● What this task involves
The required output is the stretch from the line containing "An aerial view" through the line containing "HOLDTIGHT's 'mother : un/tethered'" in the records below, unaltered and with no pictures.

● Exercise data
• • • • •
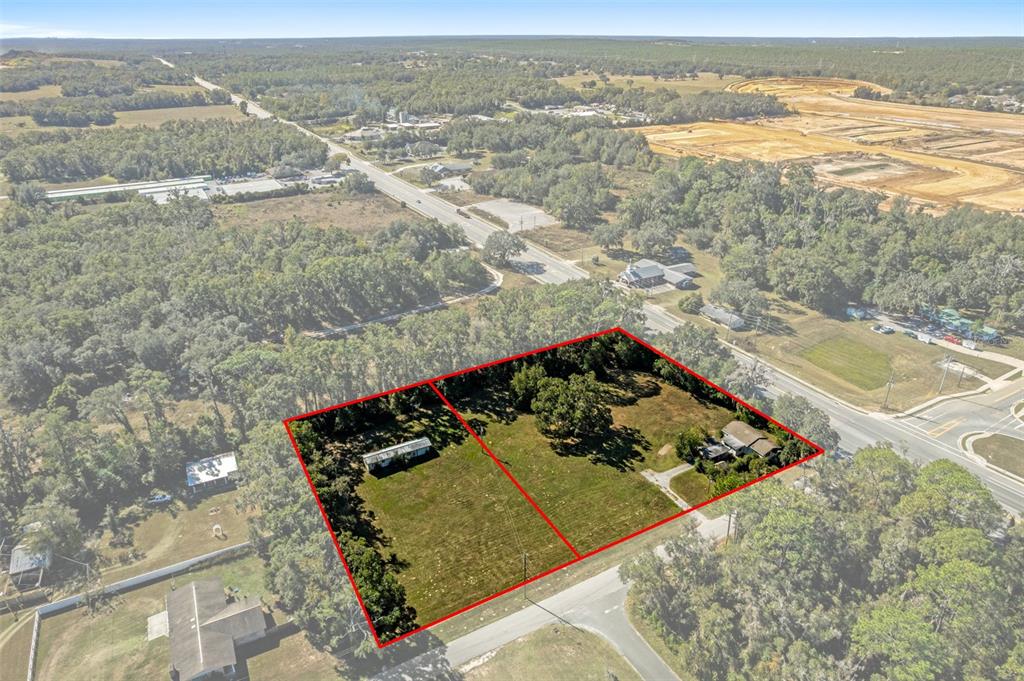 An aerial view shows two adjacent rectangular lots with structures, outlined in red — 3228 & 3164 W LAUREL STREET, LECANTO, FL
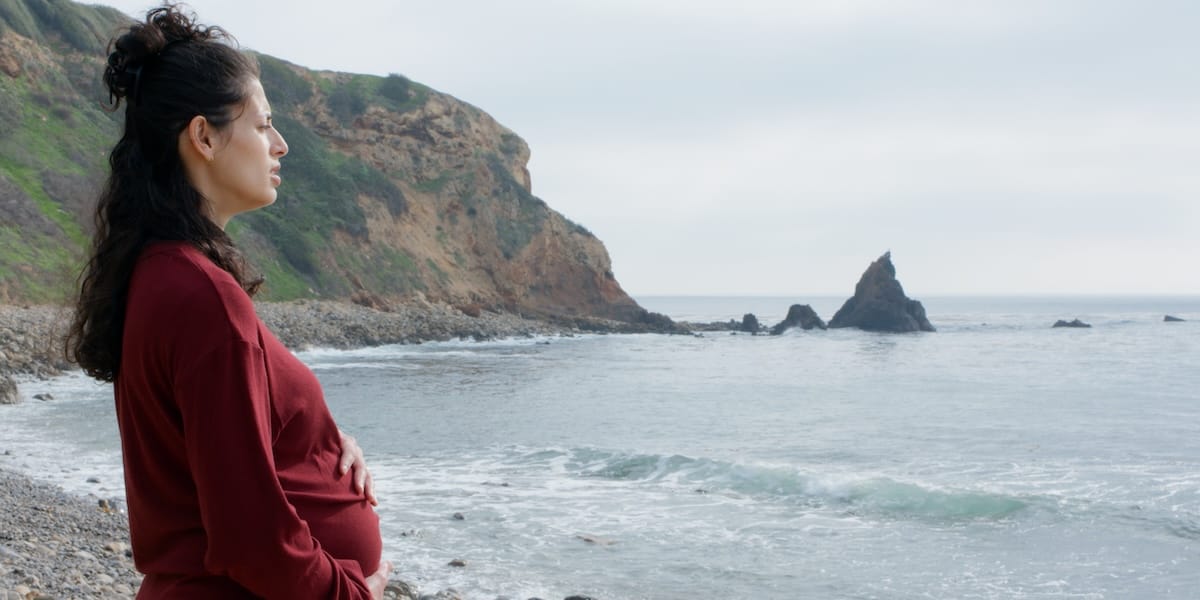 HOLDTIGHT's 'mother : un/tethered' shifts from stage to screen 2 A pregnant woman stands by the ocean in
• • • • •
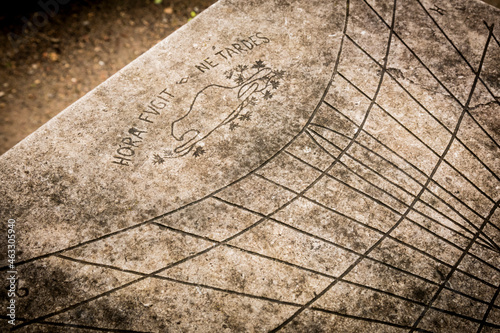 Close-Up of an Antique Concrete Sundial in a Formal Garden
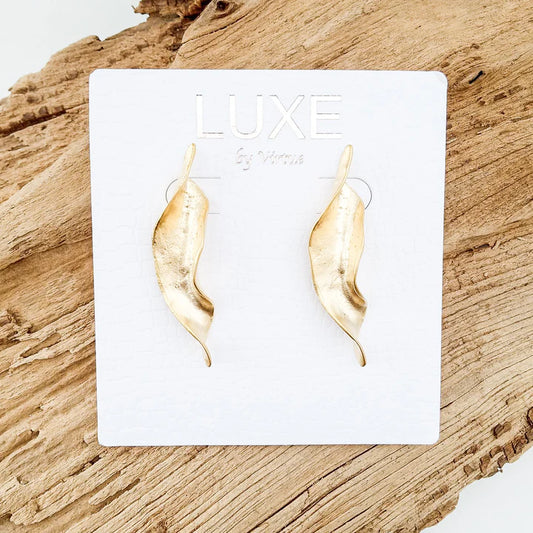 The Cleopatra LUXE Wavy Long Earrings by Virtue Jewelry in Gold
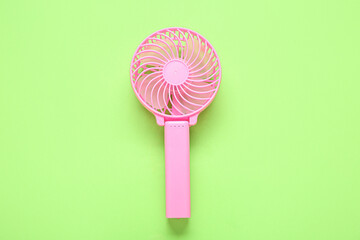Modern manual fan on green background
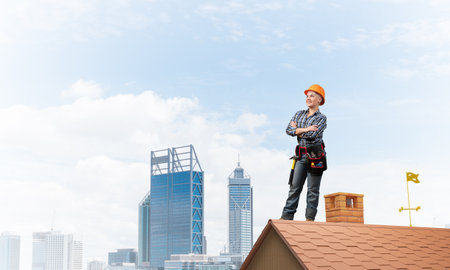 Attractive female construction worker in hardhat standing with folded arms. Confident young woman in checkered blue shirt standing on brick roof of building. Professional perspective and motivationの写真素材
• • • • •
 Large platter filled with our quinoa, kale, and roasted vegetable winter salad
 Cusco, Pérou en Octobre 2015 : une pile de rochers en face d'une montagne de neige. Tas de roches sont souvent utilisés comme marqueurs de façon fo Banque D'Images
• • • • •
● Answer space
 An aerial view shows two adjacent rectangular lots with structures, outlined in red — 3228 & 3164 W LAUREL STREET, LECANTO, FL
 HOLDTIGHT's 'mother : un/tethered' shifts from stage to screen 2 A pregnant woman stands by the ocean in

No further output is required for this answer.